Deadly LAPD shooting of homeless man caught on video

If that is the case, how in the hell does Mike Brown reach for his gun? Officer Wilson would have been practically laying his whole 6'4", 210 pound frame directly on his weapon. Does Mike Brown reach practically his whole body inside the SUV? Nobody ever testified to that.

Listen, you really need to read the report. You'd see, for example, that Wilson never said that Brown grabbed for the gun when it was holstered. Rather, Wilson drew his gun, because he was getting clobbered and because his other weapons were not within reach, and then Brown grabbed for it. You're trying to disprove the wrong thing.

I do not think that there were two fired in the SUV, nobody would stick around for a second shot, and if you were hit, you definitely wouldn't stick around. Upon firing the shot inside the vehicle that hit Mike Brown's thumb, Mike Brown took off running.

There's no point in talking about what a reasonable person would do in Brown's shoes. A reasonable person would not attack a cop in his car, nor try to grab a cop's gun, nor turn around and charge the officer.

Mike Brown, now bleeding and injured from three gunshot wounds turns to face Darren Wilson and staggers back towards him (this is the three second pause in the audio recording), probably clutching his sides and clenching his fists in pain.

Let's put aside the fact that (AFAIK) your account doesn't align with any of the witness accounts. If your hypothesis is true, then Brown would have to have (1) realized he was hit, (2) come to a stop, (3) turned around, and then (4) staggered 21 feet back to Wilson--all in 3 seconds. That's simply not plausible to me.

I think the reverse about the LA Times article. Contemporaneous reporting is way more compelling than revisionist history after the fact.

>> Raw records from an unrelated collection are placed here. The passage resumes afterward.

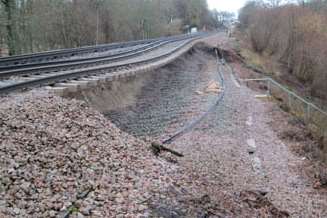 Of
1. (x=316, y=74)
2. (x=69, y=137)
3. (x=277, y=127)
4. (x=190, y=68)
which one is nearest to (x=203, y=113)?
(x=277, y=127)

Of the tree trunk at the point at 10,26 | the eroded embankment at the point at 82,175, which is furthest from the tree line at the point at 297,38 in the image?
the eroded embankment at the point at 82,175

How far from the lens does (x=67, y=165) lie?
20.0ft

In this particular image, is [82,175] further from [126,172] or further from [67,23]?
[67,23]

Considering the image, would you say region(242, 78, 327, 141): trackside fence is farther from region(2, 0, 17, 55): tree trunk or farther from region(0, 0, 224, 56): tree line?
region(0, 0, 224, 56): tree line

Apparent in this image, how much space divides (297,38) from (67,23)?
2319cm

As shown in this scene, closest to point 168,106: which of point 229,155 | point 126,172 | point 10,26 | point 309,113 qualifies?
point 229,155

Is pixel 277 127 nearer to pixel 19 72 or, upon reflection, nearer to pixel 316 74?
pixel 19 72

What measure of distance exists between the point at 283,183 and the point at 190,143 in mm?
2532

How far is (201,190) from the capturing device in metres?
6.85

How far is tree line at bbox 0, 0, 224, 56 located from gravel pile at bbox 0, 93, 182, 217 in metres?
22.0

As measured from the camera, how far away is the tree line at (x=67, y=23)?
29203 mm

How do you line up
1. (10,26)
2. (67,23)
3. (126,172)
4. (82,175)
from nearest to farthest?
1. (82,175)
2. (126,172)
3. (10,26)
4. (67,23)

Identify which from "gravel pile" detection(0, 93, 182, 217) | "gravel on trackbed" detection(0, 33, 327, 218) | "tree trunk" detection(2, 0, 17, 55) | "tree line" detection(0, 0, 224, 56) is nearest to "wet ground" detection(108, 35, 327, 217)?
"gravel on trackbed" detection(0, 33, 327, 218)

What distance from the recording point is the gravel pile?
511 cm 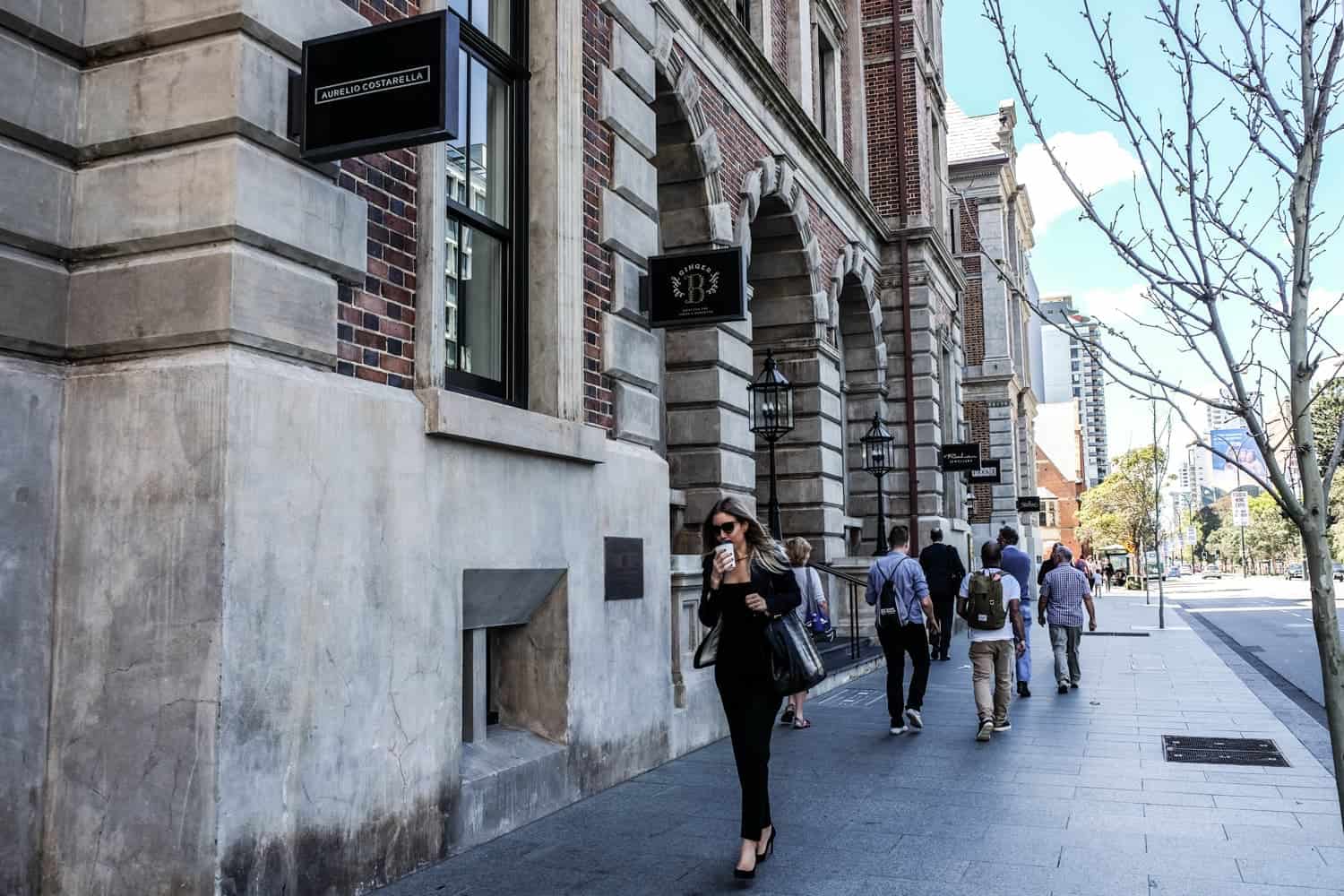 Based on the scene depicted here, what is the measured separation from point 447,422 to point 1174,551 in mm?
192690

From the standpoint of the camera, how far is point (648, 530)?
850cm

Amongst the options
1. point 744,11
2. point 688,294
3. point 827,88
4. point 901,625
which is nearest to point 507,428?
point 688,294

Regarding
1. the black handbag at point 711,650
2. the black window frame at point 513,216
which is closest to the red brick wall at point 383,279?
the black window frame at point 513,216

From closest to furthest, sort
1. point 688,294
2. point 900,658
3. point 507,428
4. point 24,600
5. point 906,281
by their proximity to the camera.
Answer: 1. point 24,600
2. point 507,428
3. point 688,294
4. point 900,658
5. point 906,281

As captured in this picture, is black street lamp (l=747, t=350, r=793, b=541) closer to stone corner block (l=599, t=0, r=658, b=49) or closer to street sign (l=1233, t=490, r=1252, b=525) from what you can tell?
stone corner block (l=599, t=0, r=658, b=49)

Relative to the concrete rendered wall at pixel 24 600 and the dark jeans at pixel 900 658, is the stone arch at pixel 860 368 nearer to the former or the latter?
the dark jeans at pixel 900 658

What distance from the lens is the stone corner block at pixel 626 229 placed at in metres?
8.48

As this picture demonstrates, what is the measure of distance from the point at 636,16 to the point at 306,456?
5.79m

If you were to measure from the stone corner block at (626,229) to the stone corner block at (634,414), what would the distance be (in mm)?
1074

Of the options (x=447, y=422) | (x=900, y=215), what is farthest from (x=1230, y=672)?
(x=447, y=422)

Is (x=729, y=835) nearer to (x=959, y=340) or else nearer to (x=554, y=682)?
(x=554, y=682)

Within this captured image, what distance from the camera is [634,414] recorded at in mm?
8680

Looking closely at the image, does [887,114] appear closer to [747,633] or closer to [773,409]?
[773,409]

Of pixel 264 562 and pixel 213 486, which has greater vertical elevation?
pixel 213 486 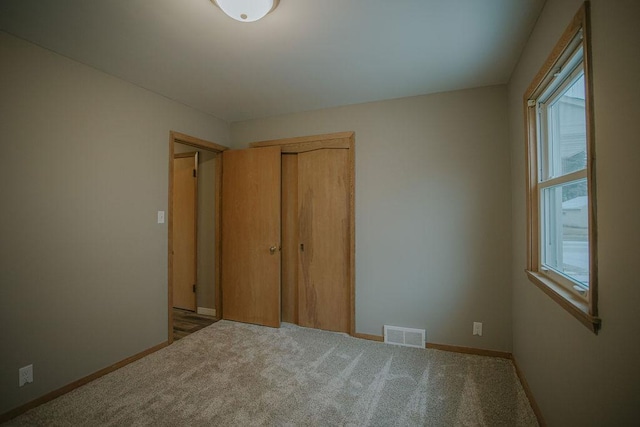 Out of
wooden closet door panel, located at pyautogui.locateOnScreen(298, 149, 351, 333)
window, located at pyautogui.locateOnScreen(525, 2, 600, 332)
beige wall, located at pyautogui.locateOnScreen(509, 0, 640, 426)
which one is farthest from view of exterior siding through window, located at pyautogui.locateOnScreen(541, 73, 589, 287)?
wooden closet door panel, located at pyautogui.locateOnScreen(298, 149, 351, 333)

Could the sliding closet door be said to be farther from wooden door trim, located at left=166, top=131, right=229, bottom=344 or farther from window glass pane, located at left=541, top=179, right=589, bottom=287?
window glass pane, located at left=541, top=179, right=589, bottom=287

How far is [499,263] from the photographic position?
2.55 meters

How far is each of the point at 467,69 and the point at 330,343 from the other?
2761 millimetres

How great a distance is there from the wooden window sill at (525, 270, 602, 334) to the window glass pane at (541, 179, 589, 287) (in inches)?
3.3

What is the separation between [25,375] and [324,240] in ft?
8.21

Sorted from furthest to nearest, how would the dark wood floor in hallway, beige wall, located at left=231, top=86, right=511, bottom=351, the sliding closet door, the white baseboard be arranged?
the white baseboard, the sliding closet door, the dark wood floor in hallway, beige wall, located at left=231, top=86, right=511, bottom=351

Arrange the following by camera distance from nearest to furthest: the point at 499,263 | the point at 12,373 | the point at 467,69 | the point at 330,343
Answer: the point at 12,373, the point at 467,69, the point at 499,263, the point at 330,343

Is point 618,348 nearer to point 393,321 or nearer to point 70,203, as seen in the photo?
point 393,321

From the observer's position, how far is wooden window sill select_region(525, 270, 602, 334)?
1095 millimetres

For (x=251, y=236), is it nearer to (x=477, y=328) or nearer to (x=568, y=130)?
(x=477, y=328)

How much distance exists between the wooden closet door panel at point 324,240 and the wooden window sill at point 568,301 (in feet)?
5.63

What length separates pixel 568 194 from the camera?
1.54 metres

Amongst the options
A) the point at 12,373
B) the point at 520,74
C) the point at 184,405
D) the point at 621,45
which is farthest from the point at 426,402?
the point at 12,373

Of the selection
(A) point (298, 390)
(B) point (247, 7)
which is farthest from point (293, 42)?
(A) point (298, 390) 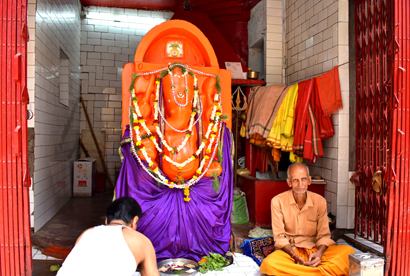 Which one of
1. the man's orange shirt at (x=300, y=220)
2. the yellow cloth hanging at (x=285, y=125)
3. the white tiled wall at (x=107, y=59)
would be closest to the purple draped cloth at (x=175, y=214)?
the man's orange shirt at (x=300, y=220)

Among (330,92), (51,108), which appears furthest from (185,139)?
(51,108)

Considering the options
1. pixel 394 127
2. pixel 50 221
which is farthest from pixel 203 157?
pixel 50 221

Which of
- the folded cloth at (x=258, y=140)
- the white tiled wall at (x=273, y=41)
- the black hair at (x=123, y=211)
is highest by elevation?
the white tiled wall at (x=273, y=41)

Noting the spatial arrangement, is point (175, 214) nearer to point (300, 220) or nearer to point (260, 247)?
point (260, 247)

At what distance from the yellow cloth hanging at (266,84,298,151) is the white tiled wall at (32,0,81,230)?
314 centimetres

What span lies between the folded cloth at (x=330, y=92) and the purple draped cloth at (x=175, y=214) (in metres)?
1.77

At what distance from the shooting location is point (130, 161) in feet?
12.1

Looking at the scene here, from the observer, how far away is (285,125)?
4.44 metres

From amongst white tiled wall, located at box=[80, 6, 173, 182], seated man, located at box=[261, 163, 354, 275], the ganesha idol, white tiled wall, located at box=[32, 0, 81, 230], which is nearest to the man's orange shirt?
seated man, located at box=[261, 163, 354, 275]

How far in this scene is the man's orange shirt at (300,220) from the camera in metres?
3.38

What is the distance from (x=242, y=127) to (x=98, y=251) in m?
3.68

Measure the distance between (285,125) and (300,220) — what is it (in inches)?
57.9

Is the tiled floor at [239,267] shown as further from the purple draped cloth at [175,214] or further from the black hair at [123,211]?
the black hair at [123,211]

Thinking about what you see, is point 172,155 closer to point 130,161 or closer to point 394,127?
point 130,161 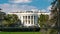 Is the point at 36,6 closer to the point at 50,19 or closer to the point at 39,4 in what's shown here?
the point at 39,4

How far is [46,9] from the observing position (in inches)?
67.2

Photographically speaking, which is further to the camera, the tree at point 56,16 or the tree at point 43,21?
the tree at point 43,21

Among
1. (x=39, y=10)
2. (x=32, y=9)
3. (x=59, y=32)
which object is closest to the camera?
(x=59, y=32)

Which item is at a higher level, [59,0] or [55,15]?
[59,0]

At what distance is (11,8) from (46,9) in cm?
42

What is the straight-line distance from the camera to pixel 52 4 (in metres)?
1.55

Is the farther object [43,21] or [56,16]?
[43,21]

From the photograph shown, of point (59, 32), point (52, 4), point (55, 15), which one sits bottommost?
point (59, 32)

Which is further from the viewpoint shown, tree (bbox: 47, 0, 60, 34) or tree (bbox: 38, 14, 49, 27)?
tree (bbox: 38, 14, 49, 27)

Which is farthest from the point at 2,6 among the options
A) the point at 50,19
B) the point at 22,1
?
the point at 50,19

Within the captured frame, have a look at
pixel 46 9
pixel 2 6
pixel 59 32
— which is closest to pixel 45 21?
pixel 46 9

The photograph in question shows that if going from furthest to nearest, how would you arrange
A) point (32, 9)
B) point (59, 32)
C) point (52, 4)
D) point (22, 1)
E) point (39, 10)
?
point (32, 9) < point (39, 10) < point (22, 1) < point (52, 4) < point (59, 32)

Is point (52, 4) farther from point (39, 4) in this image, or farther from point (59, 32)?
point (59, 32)

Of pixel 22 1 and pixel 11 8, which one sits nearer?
pixel 22 1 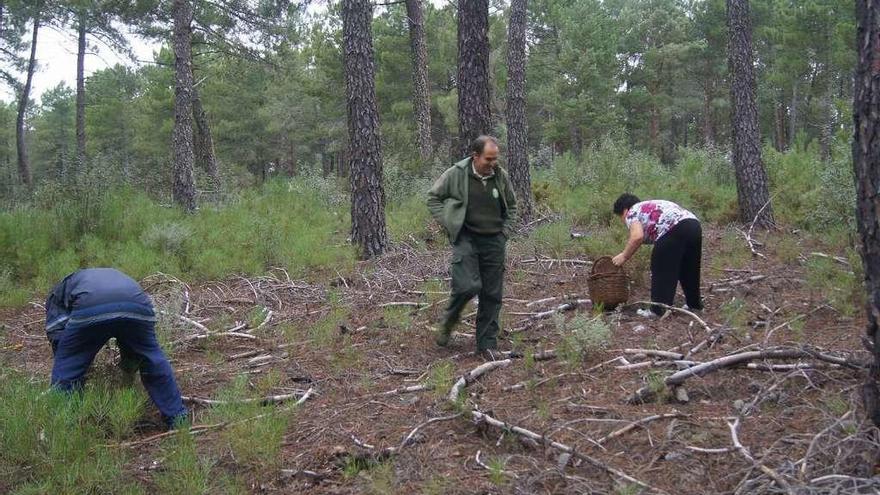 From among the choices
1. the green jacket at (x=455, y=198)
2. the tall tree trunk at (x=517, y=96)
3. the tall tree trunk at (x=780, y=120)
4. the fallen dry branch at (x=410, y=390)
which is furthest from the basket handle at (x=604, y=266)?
the tall tree trunk at (x=780, y=120)

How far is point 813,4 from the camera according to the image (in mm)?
24562

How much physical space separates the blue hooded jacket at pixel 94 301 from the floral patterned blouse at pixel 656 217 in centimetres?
416

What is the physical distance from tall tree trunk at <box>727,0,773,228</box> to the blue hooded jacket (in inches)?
348

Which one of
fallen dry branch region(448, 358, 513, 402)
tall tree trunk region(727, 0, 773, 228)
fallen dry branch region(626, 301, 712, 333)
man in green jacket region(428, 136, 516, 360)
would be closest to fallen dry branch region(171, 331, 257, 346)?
man in green jacket region(428, 136, 516, 360)

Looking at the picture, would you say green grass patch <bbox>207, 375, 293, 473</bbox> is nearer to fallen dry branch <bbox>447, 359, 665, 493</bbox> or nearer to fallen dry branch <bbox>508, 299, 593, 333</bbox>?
fallen dry branch <bbox>447, 359, 665, 493</bbox>

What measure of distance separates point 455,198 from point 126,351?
2.67 metres

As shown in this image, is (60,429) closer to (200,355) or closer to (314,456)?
(314,456)

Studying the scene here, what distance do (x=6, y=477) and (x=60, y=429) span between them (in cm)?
34

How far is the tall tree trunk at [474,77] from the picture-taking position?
8.76 metres

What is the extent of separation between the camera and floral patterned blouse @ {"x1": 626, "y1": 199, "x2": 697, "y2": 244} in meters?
5.96

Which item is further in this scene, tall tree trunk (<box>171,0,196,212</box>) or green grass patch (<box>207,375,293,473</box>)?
tall tree trunk (<box>171,0,196,212</box>)

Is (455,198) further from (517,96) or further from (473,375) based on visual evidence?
(517,96)

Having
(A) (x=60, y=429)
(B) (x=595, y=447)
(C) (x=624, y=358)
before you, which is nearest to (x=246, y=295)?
(A) (x=60, y=429)

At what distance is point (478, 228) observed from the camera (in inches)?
212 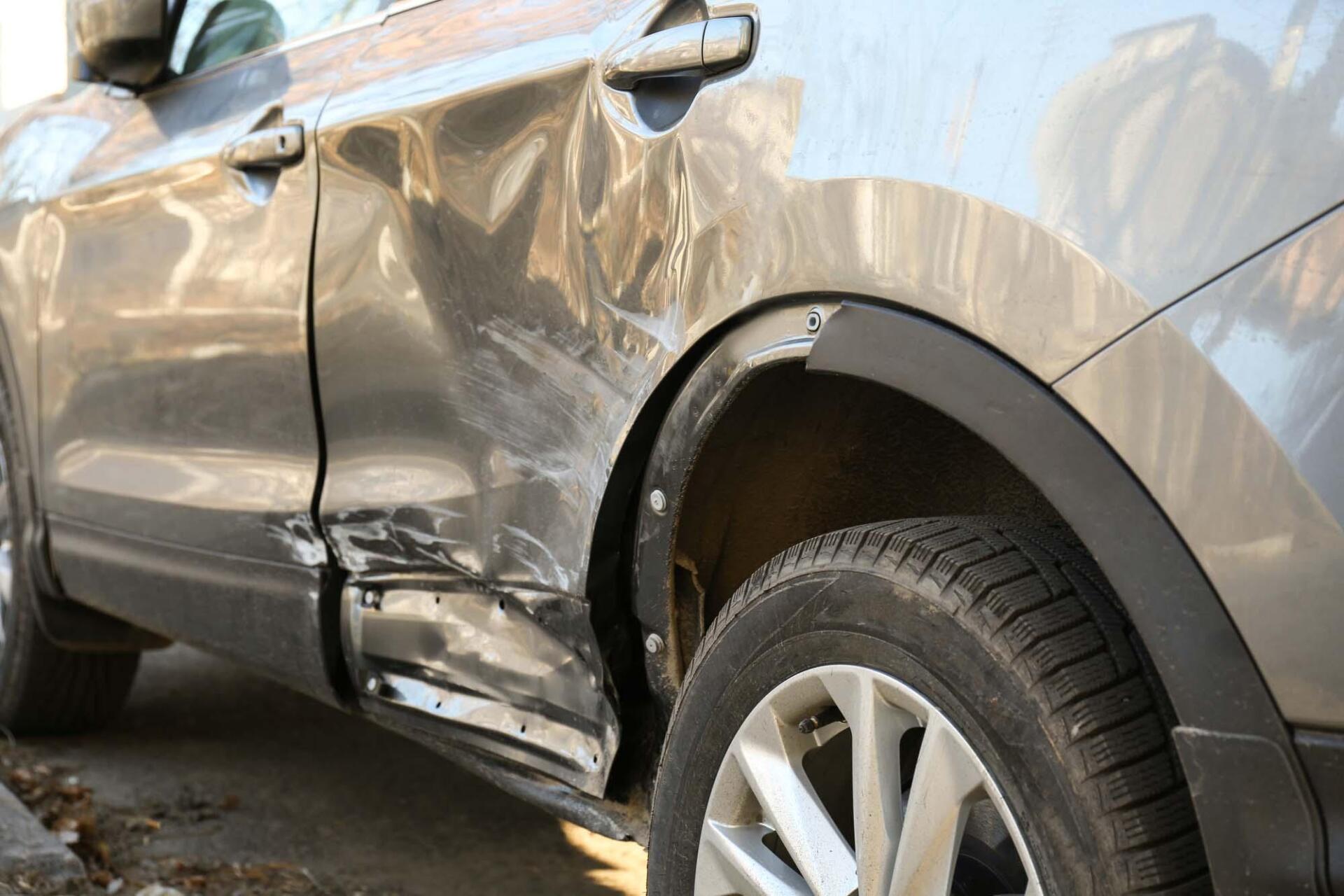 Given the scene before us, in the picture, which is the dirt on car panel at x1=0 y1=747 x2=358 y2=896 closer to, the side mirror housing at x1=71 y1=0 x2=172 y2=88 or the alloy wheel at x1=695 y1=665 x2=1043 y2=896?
the alloy wheel at x1=695 y1=665 x2=1043 y2=896

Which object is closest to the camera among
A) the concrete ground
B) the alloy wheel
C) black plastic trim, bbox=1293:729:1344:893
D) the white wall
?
black plastic trim, bbox=1293:729:1344:893

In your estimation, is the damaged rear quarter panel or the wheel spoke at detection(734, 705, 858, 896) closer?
the damaged rear quarter panel

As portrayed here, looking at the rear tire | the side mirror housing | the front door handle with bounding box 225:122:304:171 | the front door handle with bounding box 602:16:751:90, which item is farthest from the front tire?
the rear tire

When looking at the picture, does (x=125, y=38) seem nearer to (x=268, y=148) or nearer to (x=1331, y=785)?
(x=268, y=148)

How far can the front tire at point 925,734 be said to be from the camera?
1141 mm

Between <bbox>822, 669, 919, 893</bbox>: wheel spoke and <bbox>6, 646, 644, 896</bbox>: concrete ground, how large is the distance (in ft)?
4.74

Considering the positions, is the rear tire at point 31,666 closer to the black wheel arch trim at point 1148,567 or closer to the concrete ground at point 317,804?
the concrete ground at point 317,804

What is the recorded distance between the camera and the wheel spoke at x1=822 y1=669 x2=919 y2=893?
4.33 ft

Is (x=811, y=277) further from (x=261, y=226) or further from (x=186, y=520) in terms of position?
(x=186, y=520)

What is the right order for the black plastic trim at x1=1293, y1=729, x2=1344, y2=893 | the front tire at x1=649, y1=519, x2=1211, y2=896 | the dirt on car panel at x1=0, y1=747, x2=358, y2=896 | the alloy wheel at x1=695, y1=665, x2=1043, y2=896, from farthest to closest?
the dirt on car panel at x1=0, y1=747, x2=358, y2=896, the alloy wheel at x1=695, y1=665, x2=1043, y2=896, the front tire at x1=649, y1=519, x2=1211, y2=896, the black plastic trim at x1=1293, y1=729, x2=1344, y2=893

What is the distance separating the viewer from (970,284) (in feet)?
4.02

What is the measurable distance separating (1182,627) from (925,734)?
0.28 meters

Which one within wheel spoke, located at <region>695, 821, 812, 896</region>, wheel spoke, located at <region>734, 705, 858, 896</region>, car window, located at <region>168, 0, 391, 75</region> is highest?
car window, located at <region>168, 0, 391, 75</region>

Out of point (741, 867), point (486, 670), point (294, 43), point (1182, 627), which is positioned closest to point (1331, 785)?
point (1182, 627) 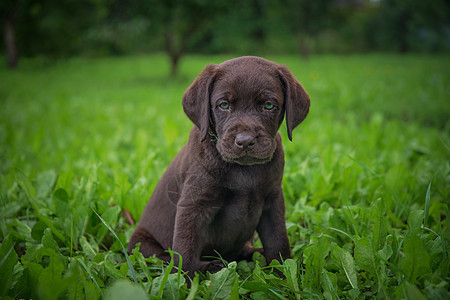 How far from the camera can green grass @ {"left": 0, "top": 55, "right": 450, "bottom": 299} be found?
1919mm

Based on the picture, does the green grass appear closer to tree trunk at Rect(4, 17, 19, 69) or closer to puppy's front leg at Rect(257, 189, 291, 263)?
puppy's front leg at Rect(257, 189, 291, 263)

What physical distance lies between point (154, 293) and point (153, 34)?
1582cm

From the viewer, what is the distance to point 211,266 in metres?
2.35

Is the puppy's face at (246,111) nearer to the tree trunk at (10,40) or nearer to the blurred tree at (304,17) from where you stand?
the tree trunk at (10,40)

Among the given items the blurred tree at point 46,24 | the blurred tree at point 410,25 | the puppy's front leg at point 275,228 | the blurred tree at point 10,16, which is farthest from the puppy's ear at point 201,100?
the blurred tree at point 10,16

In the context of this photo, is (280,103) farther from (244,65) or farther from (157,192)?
(157,192)

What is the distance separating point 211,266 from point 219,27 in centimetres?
1826

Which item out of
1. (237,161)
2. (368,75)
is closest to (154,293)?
(237,161)

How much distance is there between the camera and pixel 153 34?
647 inches

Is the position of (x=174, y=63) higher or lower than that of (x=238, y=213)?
lower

I don't really know how to respond except with this. As a general rule, initial reports are almost always wrong. I'll spot you that initial testimony is often more reliable--i.e., the first statements Wilson made could be considered more reliable than later statements. The difference is that you're not talking about Wilson's statement--you're talking about the police chief's statements. Moreover, Wilson wasn't interviewed by the police chief; he was interviewed by someone else, who spoke to someone else, who spoke to the police chief, who spoke to the press. Basically, it's the telephone game. Of course, when preparing the DOJ Report, the federal civil rights investigators reviewed Wilson's initial statements shortly after the incident.